▶ _Entries supplied_
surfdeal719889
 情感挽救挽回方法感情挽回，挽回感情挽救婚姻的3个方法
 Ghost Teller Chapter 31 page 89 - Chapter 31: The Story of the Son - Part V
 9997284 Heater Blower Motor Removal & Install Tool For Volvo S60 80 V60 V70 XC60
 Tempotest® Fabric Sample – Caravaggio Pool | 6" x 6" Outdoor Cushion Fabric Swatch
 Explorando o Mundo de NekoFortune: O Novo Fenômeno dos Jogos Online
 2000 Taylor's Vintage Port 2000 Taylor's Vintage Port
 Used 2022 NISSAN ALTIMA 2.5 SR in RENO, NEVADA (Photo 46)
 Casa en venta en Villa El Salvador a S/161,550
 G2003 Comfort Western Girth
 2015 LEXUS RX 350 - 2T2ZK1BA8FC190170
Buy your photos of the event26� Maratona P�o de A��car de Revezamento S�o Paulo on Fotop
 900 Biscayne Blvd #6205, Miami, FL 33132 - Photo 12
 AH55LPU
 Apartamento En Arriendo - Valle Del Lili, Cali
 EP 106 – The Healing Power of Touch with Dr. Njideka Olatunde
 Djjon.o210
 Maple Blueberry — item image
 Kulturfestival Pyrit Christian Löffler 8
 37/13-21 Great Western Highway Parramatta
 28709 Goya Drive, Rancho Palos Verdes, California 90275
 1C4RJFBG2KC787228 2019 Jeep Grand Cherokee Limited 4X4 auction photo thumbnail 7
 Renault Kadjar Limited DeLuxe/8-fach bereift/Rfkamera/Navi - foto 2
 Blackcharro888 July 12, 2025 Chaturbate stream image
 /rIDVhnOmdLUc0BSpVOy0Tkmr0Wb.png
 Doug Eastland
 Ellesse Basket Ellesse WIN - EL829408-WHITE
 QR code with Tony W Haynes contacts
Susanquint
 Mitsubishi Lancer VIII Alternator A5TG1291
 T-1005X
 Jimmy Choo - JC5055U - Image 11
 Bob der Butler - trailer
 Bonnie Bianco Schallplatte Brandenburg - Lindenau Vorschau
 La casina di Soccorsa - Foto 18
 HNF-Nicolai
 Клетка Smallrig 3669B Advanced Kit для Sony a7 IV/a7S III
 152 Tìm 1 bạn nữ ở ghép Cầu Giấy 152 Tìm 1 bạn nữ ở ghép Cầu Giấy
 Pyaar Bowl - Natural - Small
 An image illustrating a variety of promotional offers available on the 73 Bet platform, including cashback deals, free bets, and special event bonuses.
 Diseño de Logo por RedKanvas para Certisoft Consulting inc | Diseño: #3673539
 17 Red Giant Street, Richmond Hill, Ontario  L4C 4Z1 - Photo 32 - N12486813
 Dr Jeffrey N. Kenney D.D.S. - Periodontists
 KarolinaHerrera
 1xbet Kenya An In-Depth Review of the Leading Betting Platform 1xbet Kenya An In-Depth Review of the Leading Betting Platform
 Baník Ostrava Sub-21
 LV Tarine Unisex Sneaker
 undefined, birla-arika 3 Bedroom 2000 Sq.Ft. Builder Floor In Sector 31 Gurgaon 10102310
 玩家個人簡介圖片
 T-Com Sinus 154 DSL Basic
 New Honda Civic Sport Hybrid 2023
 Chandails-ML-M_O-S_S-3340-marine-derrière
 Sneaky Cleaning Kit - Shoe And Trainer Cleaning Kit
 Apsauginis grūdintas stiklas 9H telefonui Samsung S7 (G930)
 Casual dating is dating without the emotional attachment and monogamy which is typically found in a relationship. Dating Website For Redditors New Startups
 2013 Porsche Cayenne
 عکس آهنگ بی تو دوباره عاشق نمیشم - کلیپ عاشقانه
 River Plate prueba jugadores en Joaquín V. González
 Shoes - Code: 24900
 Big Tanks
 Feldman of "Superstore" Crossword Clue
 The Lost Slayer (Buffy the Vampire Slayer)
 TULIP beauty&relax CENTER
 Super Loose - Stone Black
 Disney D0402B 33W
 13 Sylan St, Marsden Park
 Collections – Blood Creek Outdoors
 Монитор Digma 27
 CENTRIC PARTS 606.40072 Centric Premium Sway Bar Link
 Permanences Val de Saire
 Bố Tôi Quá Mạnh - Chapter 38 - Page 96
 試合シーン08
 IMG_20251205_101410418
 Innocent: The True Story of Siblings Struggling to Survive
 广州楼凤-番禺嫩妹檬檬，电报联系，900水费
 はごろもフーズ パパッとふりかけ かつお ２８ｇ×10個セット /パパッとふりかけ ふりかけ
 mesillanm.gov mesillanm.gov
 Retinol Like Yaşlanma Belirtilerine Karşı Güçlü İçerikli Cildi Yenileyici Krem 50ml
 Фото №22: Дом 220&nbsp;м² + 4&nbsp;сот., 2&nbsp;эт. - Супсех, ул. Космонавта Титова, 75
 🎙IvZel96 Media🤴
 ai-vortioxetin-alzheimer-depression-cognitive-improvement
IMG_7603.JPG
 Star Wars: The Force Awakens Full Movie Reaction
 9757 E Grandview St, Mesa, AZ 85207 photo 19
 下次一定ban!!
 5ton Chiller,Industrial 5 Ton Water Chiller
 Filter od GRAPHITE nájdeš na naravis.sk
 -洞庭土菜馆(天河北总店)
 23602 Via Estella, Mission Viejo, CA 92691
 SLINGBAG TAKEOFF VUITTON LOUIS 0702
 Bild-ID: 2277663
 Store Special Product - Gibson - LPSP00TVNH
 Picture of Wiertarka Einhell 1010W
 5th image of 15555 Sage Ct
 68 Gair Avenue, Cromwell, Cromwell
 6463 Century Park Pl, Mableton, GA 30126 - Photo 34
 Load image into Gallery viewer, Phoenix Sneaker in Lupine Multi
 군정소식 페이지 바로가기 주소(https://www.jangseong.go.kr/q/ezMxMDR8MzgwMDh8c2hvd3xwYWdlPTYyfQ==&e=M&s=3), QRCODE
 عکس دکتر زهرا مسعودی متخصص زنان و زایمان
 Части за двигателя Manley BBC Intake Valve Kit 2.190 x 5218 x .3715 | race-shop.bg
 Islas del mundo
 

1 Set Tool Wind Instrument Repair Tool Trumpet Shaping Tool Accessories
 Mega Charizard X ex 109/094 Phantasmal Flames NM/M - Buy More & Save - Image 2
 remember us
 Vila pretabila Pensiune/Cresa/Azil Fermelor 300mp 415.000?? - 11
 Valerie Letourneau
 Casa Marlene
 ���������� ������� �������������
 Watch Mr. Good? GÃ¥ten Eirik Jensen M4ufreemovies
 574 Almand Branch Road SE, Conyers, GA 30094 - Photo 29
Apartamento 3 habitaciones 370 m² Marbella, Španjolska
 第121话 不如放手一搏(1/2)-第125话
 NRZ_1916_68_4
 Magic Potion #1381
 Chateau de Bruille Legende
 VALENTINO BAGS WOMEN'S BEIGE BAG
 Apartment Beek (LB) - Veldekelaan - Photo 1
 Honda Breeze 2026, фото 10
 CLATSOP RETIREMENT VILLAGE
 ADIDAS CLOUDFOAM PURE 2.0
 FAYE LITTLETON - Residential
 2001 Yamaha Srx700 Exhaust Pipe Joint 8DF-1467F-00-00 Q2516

▶ _Task objective_
Go through the records above and write each one out again exactly.

▶ _Response to this task_
surfdeal719889
 情感挽救挽回方法感情挽回，挽回感情挽救婚姻的3个方法
 Ghost Teller Chapter 31 page 89 - Chapter 31: The Story of the Son - Part V
 9997284 Heater Blower Motor Removal & Install Tool For Volvo S60 80 V60 V70 XC60
 Tempotest® Fabric Sample – Caravaggio Pool | 6" x 6" Outdoor Cushion Fabric Swatch
 Explorando o Mundo de NekoFortune: O Novo Fenômeno dos Jogos Online
 2000 Taylor's Vintage Port 2000 Taylor's Vintage Port
 Used 2022 NISSAN ALTIMA 2.5 SR in RENO, NEVADA (Photo 46)
 Casa en venta en Villa El Salvador a S/161,550
 G2003 Comfort Western Girth
 2015 LEXUS RX 350 - 2T2ZK1BA8FC190170
Buy your photos of the event26� Maratona P�o de A��car de Revezamento S�o Paulo on Fotop
 900 Biscayne Blvd #6205, Miami, FL 33132 - Photo 12
 AH55LPU
 Apartamento En Arriendo - Valle Del Lili, Cali
 EP 106 – The Healing Power of Touch with Dr. Njideka Olatunde
 Djjon.o210
 Maple Blueberry — item image
 Kulturfestival Pyrit Christian Löffler 8
 37/13-21 Great Western Highway Parramatta
 28709 Goya Drive, Rancho Palos Verdes, California 90275
 1C4RJFBG2KC787228 2019 Jeep Grand Cherokee Limited 4X4 auction photo thumbnail 7
 Renault Kadjar Limited DeLuxe/8-fach bereift/Rfkamera/Navi - foto 2
 Blackcharro888 July 12, 2025 Chaturbate stream image
 /rIDVhnOmdLUc0BSpVOy0Tkmr0Wb.png
 Doug Eastland
 Ellesse Basket Ellesse WIN - EL829408-WHITE
 QR code with Tony W Haynes contacts
Susanquint
 Mitsubishi Lancer VIII Alternator A5TG1291
 T-1005X
 Jimmy Choo - JC5055U - Image 11
 Bob der Butler - trailer
 Bonnie Bianco Schallplatte Brandenburg - Lindenau Vorschau
 La casina di Soccorsa - Foto 18
 HNF-Nicolai
 Клетка Smallrig 3669B Advanced Kit для Sony a7 IV/a7S III
 152 Tìm 1 bạn nữ ở ghép Cầu Giấy 152 Tìm 1 bạn nữ ở ghép Cầu Giấy
 Pyaar Bowl - Natural - Small
 An image illustrating a variety of promotional offers available on the 73 Bet platform, including cashback deals, free bets, and special event bonuses.
 Diseño de Logo por RedKanvas para Certisoft Consulting inc | Diseño: #3673539
 17 Red Giant Street, Richmond Hill, Ontario  L4C 4Z1 - Photo 32 - N12486813
 Dr Jeffrey N. Kenney D.D.S. - Periodontists
 KarolinaHerrera
 1xbet Kenya An In-Depth Review of the Leading Betting Platform 1xbet Kenya An In-Depth Review of the Leading Betting Platform
 Baník Ostrava Sub-21
 LV Tarine Unisex Sneaker
 undefined, birla-arika 3 Bedroom 2000 Sq.Ft. Builder Floor In Sector 31 Gurgaon 10102310
 玩家個人簡介圖片
 T-Com Sinus 154 DSL Basic
 New Honda Civic Sport Hybrid 2023
 Chandails-ML-M_O-S_S-3340-marine-derrière
 Sneaky Cleaning Kit - Shoe And Trainer Cleaning Kit
 Apsauginis grūdintas stiklas 9H telefonui Samsung S7 (G930)
 Casual dating is dating without the emotional attachment and monogamy which is typically found in a relationship. Dating Website For Redditors New Startups
 2013 Porsche Cayenne
 عکس آهنگ بی تو دوباره عاشق نمیشم - کلیپ عاشقانه
 River Plate prueba jugadores en Joaquín V. González
 Shoes - Code: 24900
 Big Tanks
 Feldman of "Superstore" Crossword Clue
 The Lost Slayer (Buffy the Vampire Slayer)
 TULIP beauty&relax CENTER
 Super Loose - Stone Black
 Disney D0402B 33W
 13 Sylan St, Marsden Park
 Collections – Blood Creek Outdoors
 Монитор Digma 27
 CENTRIC PARTS 606.40072 Centric Premium Sway Bar Link
 Permanences Val de Saire
 Bố Tôi Quá Mạnh - Chapter 38 - Page 96
 試合シーン08
 IMG_20251205_101410418
 Innocent: The True Story of Siblings Struggling to Survive
 广州楼凤-番禺嫩妹檬檬，电报联系，900水费
 はごろもフーズ パパッとふりかけ かつお ２８ｇ×10個セット /パパッとふりかけ ふりかけ
 mesillanm.gov mesillanm.gov
 Retinol Like Yaşlanma Belirtilerine Karşı Güçlü İçerikli Cildi Yenileyici Krem 50ml
 Фото №22: Дом 220&nbsp;м² + 4&nbsp;сот., 2&nbsp;эт. - Супсех, ул. Космонавта Титова, 75
 🎙IvZel96 Media🤴
 ai-vortioxetin-alzheimer-depression-cognitive-improvement
IMG_7603.JPG
 Star Wars: The Force Awakens Full Movie Reaction
 9757 E Grandview St, Mesa, AZ 85207 photo 19
 下次一定ban!!
 5ton Chiller,Industrial 5 Ton Water Chiller
 Filter od GRAPHITE nájdeš na naravis.sk
 -洞庭土菜馆(天河北总店)
 23602 Via Estella, Mission Viejo, CA 92691
 SLINGBAG TAKEOFF VUITTON LOUIS 0702
 Bild-ID: 2277663
 Store Special Product - Gibson - LPSP00TVNH
 Picture of Wiertarka Einhell 1010W
 5th image of 15555 Sage Ct
 68 Gair Avenue, Cromwell, Cromwell
 6463 Century Park Pl, Mableton, GA 30126 - Photo 34
 Load image into Gallery viewer, Phoenix Sneaker in Lupine Multi
 군정소식 페이지 바로가기 주소(https://www.jangseong.go.kr/q/ezMxMDR8MzgwMDh8c2hvd3xwYWdlPTYyfQ==&e=M&s=3), QRCODE
 عکس دکتر زهرا مسعودی متخصص زنان و زایمان
 Части за двигателя Manley BBC Intake Valve Kit 2.190 x 5218 x .3715 | race-shop.bg
 Islas del mundo
 

1 Set Tool Wind Instrument Repair Tool Trumpet Shaping Tool Accessories
 Mega Charizard X ex 109/094 Phantasmal Flames NM/M - Buy More & Save - Image 2
 remember us
 Vila pretabila Pensiune/Cresa/Azil Fermelor 300mp 415.000?? - 11
 Valerie Letourneau
 Casa Marlene
 ���������� ������� �������������
 Watch Mr. Good? GÃ¥ten Eirik Jensen M4ufreemovies
 574 Almand Branch Road SE, Conyers, GA 30094 - Photo 29
Apartamento 3 habitaciones 370 m² Marbella, Španjolska
 第121话 不如放手一搏(1/2)-第125话
 NRZ_1916_68_4
 Magic Potion #1381
 Chateau de Bruille Legende
 VALENTINO BAGS WOMEN'S BEIGE BAG
 Apartment Beek (LB) - Veldekelaan - Photo 1
 Honda Breeze 2026, фото 10
 CLATSOP RETIREMENT VILLAGE
 ADIDAS CLOUDFOAM PURE 2.0
 FAYE LITTLETON - Residential
 2001 Yamaha Srx700 Exhaust Pipe Joint 8DF-1467F-00-00 Q2516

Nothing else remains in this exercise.